There’s no greater feeling in Raiders of the Broken Planet than being able to defeat a team of four and deny them the sweet taste of victory. There’s a great sense of accomplishment to be gained from the knowledge that your efforts and strategies were better than the combined efforts of four players. That being said, a competent team of 4 players who communicate well should be able to shut down the Antagonist at every turn.
Still, after completing the Alien Myths campaign, I’m still finding it difficult to distinguish whether or not Raiders of the Broken Planet is challenging or simply unfair. It’s all too easy to get one-shotted by various enemies, whether that be a grappling antagonist or a certain animal type creature that pops up at the last level. Sure, there are strategies and counters in some instances, but not others. That animal in particular makes the last level a frustrating experience more likely to cause controller destruction than a marathon session of Cuphead.
The fact you can die almost without warning on pretty much any level will probably be a barrier to most gamers expecting another brainless run ‘n’ gun.
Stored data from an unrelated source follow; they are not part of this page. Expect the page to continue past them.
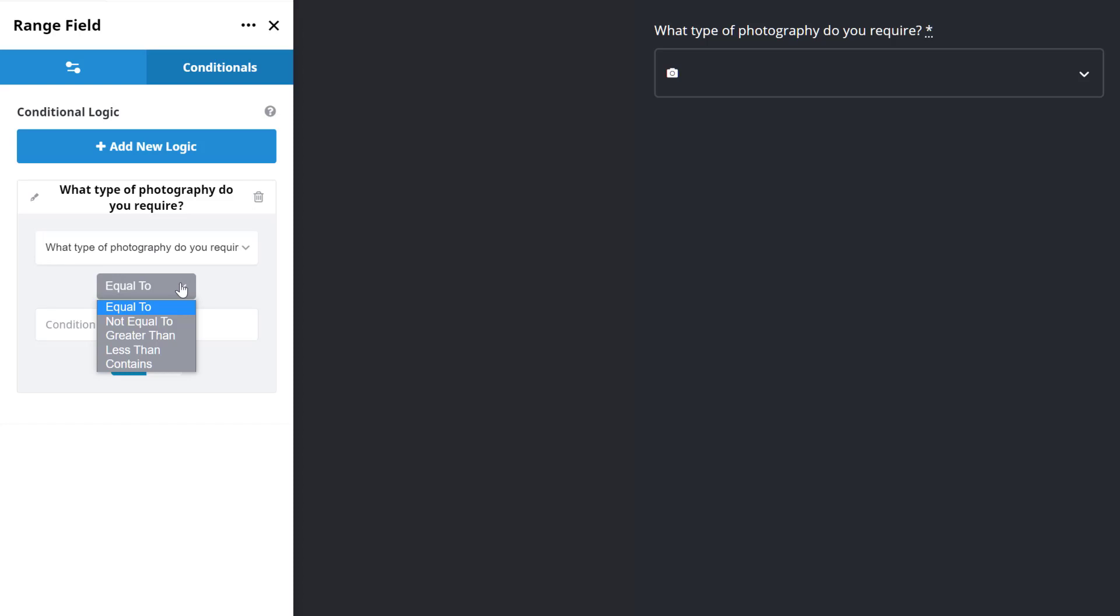For our example, I want to choose Equal To, so that when the field I choose has the value I am about to input, this field will display.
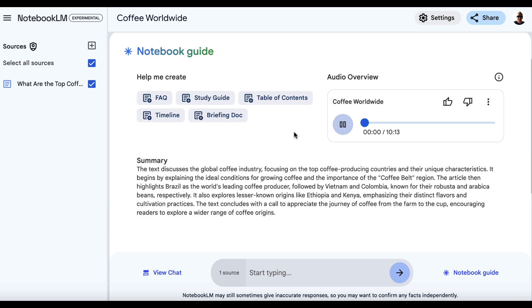just have a listen. 'All right, coffee lovers, get ready to dive deep because today we're talking all things coffee. That's right. We're tracing that beans journey from the farm to your cup. And trust me, you'll be buzzing with fun facts by the end of this.' Pretty good if you ask me.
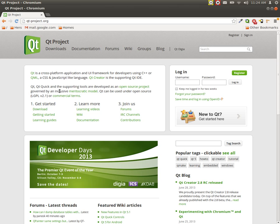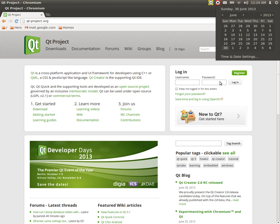There's two versions of Qt. You can get the commercial one or you can get the open source model. And that is at this time. And the date today is the 30th of June of 2013.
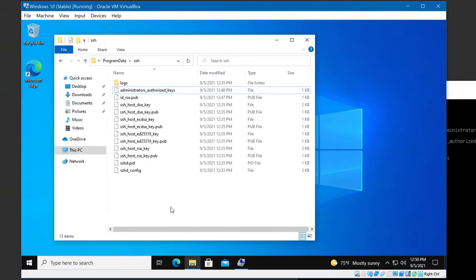Go to the Windows machine and edit the SSH configuration file. Open Notepad elevated with admin access — in the search box enter 'Note', right-click Notepad and select Run as administrator. Go to File > Open, and in the address bar input %ProgramData%/SSH. Change the file type to All Files and open sshd_config. Find the line PubKeyAuthentication, uncomment the line, and make sure it's set to Yes. Save the file and minimize Notepad — we'll be back in a bit.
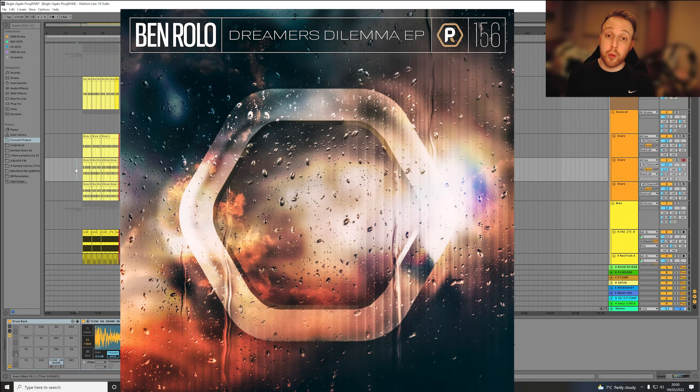Hey everyone, hope you're well. I'm Ben Rolo and today I'm going to take you through my track Begin Again. This one has just come out on RAM as part of my Dreamers Dilemma EP. Before we get started, a huge thank you to the RAM team for all the support on this one. This was made a few years ago, so take some of the techniques with a pinch of salt and we'll laugh together at my dodgy mixing. Broomhill really made these masters sound brilliant so I can't thank them enough.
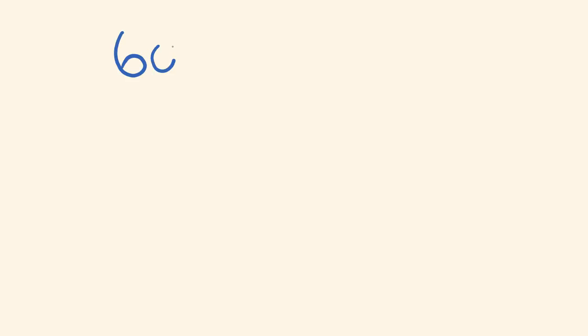Okay, so say the two numbers we were looking at were 60 and 72. The way that we do this really fast is as follows.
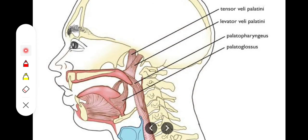The palatoglossus muscle pulls up the root of the tongue and approximates the palatoglossal arches, also helping to close the oropharyngeal isthmus so that food might not enter the nasal cavity. The palatopharyngeus muscle pulls up the wall of the pharynx and the root of the tongue, shortening the pharynx similarly to the pharyngeal constrictors, and assists during the swallowing process.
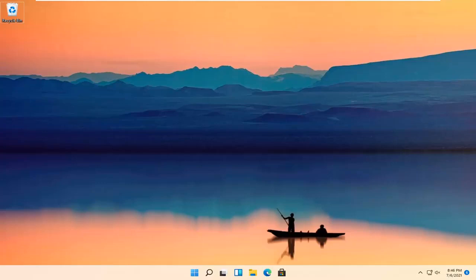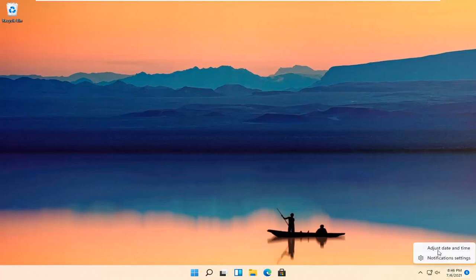So it should be a pretty straightforward process. And without further ado, let's jump right into it. All you have to do is right-click on your date and time down in the bottom right corner of your taskbar and select Adjust Date and Time.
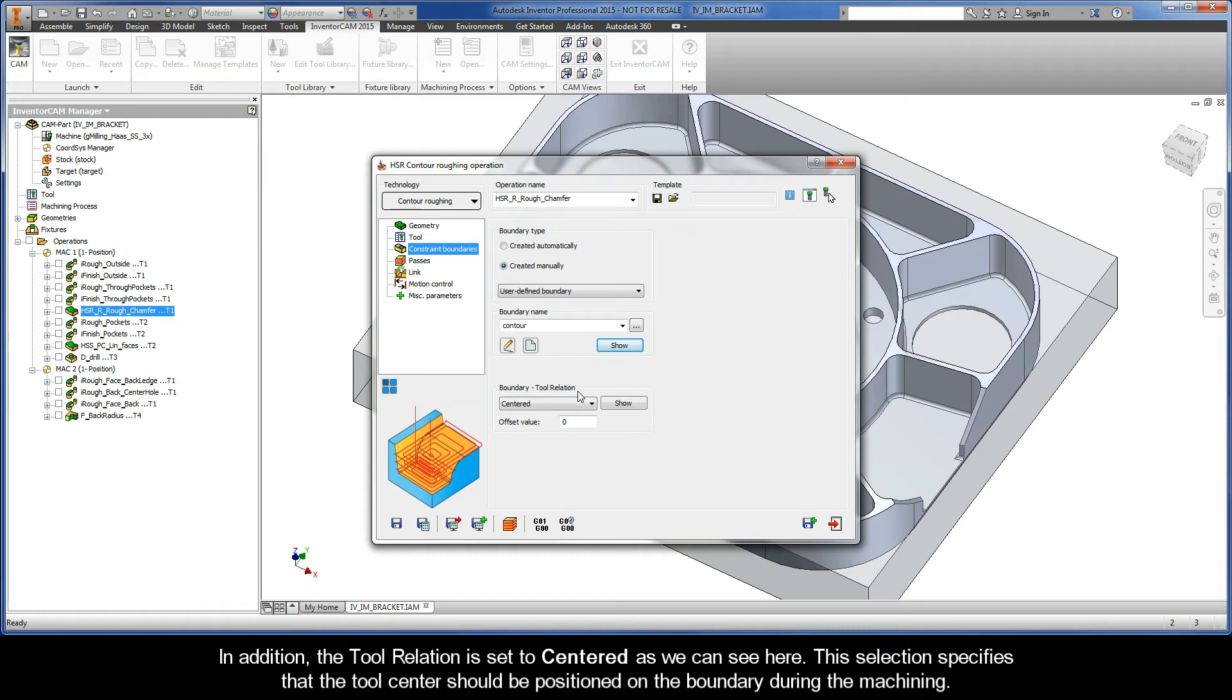In addition, the tool relation is set to centered as we can see here. This selection specifies that the tool center should be positioned on the boundary during the machining.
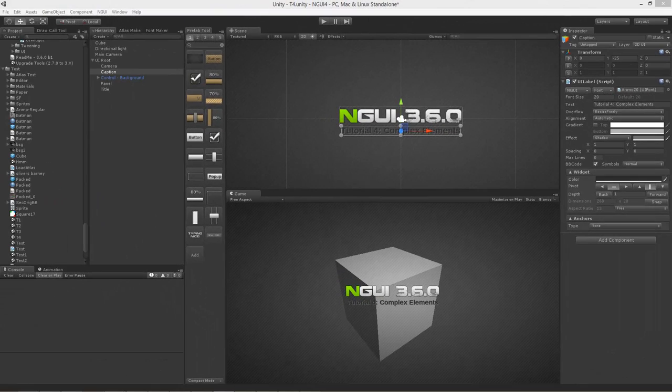That's about it for this video. Hopefully by now you should have a pretty good understanding of how to use NGUI. In the next video I'm going to cover more advanced concepts — scripting, resolution-dependent user interfaces, and a couple of other things. You can click the link in the top right corner to go there. Thanks for watching!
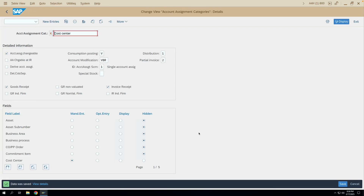Hello friends, welcome to Part 2 of the account assignment category configuration. In our last video we saw what are the screen configurations related to a particular account assignment category. This time we are going to see the detailed information part — all the control functions which are part of the account assignment category configuration — and discuss them.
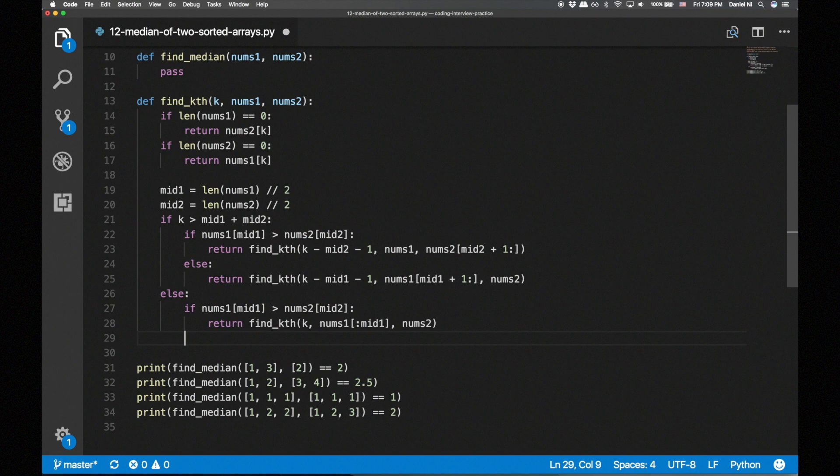And if the middle element of nums2 is larger, we eliminate the right half of nums2.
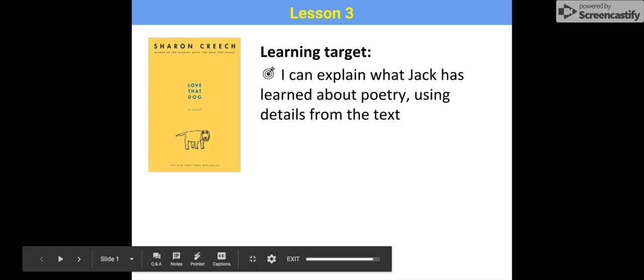All right, so sorry that I can't be there in class today to go over Love That Dog with you, but fortunately technology allows us to do this even when I'm not there. So today we're doing Lesson 3 of Love That Dog, and our learning target for today is: I can explain what Jack has learned about poetry using details from the text. We're going to do this in EdPuzzle format.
Though there are flaws, and it will really try your patience in some areas, Raiders of the Broken Planet has the potential for some real enjoyment, whether that be as the troll-like Antagonist or as part of a band of 4 Raiders. Just don’t say you weren’t warned about those instant kills.
Review copy provided
Though Raiders of the Broken Planet brings some unique characters and ideas to the table, and can be a lot of fun either as an antagonist or with a full party, it's simply too frustrating to enjoy for any long period of time.